--- To do ---
Write out the data again exactly, skipping every picture.

--- Source material ---
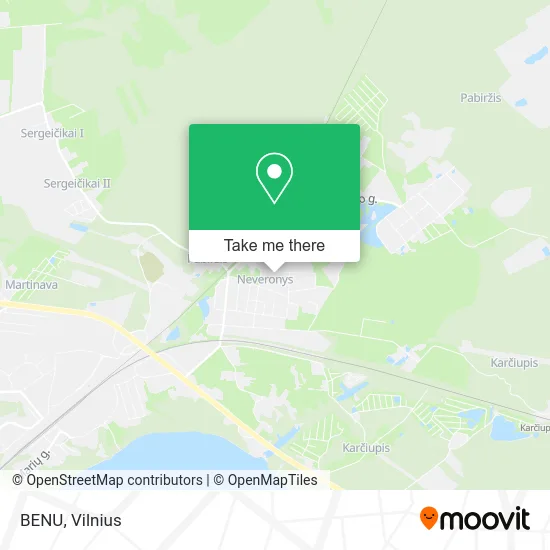 Карта BENU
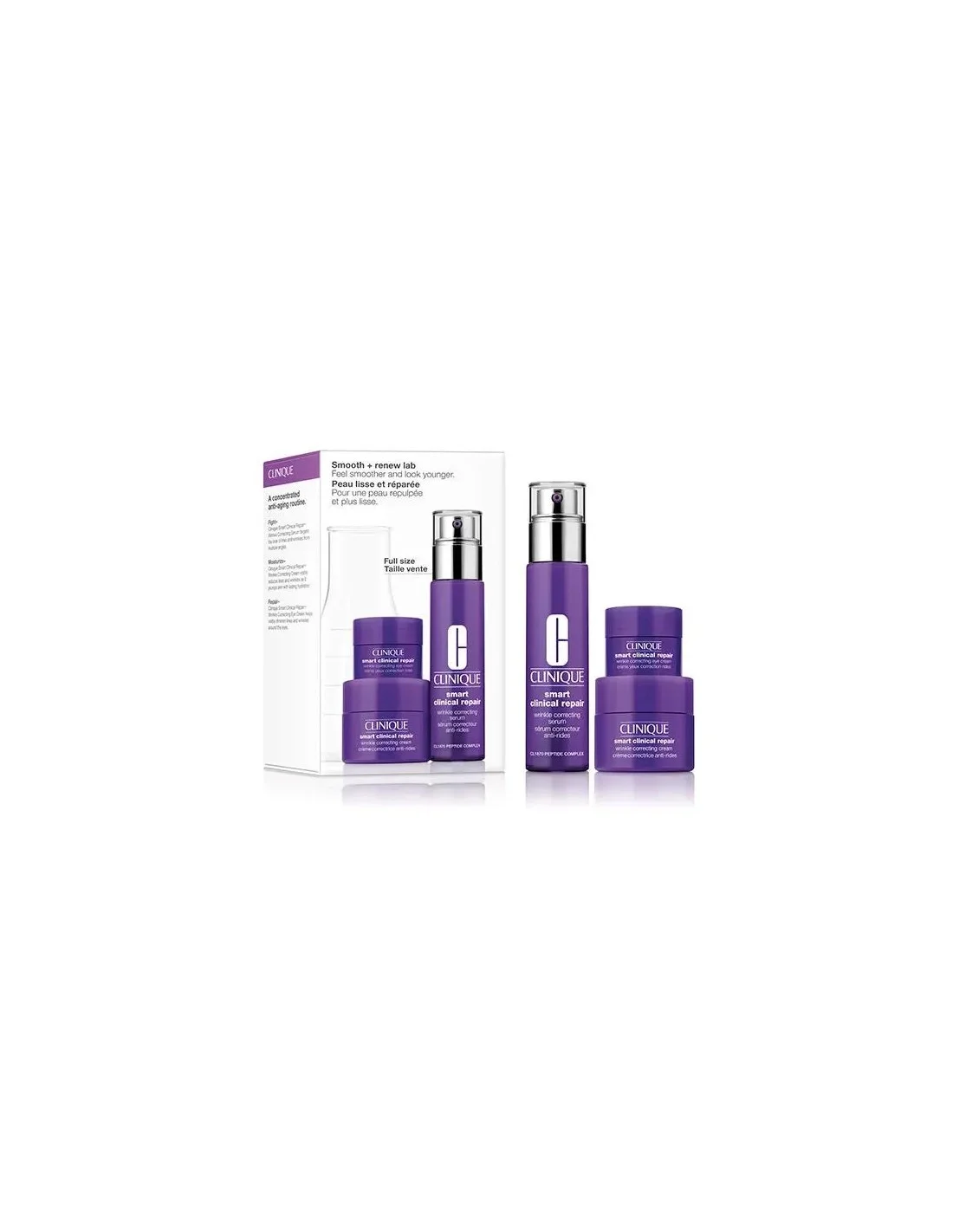 Clinique Set Smart Serum 30ml Crema antirughe 15ml Crema antirughe occhi 5ml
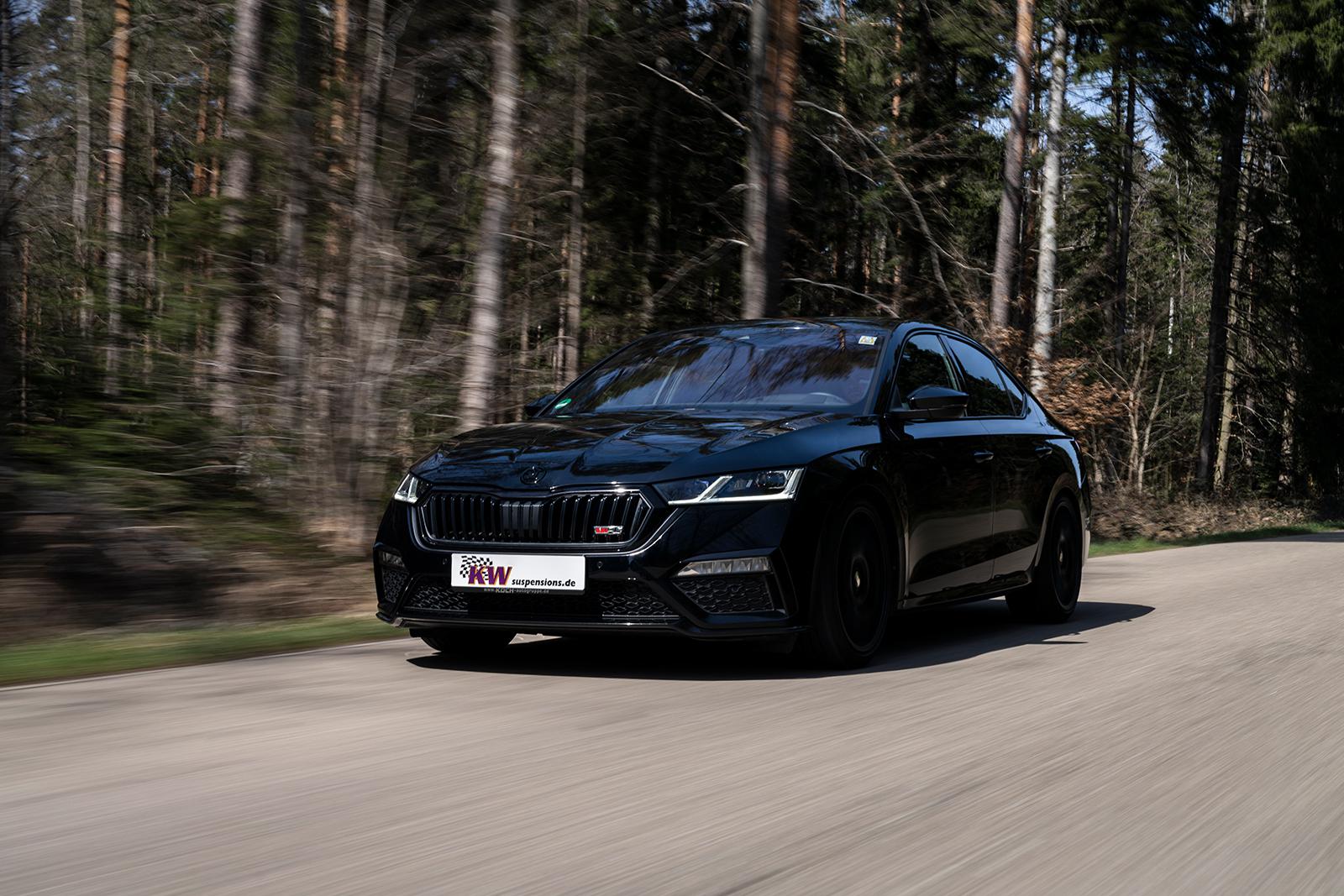 KW Coilover suspension V3 inox (incl. deactivation for electronic dampers) SKODA OCTAVIA IV Combi (NX5) 11/2019- (35282026)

--- Solved problem ---
 Карта BENU
 Clinique Set Smart Serum 30ml Crema antirughe 15ml Crema antirughe occhi 5ml
 KW Coilover suspension V3 inox (incl. deactivation for electronic dampers) SKODA OCTAVIA IV Combi (NX5) 11/2019- (35282026)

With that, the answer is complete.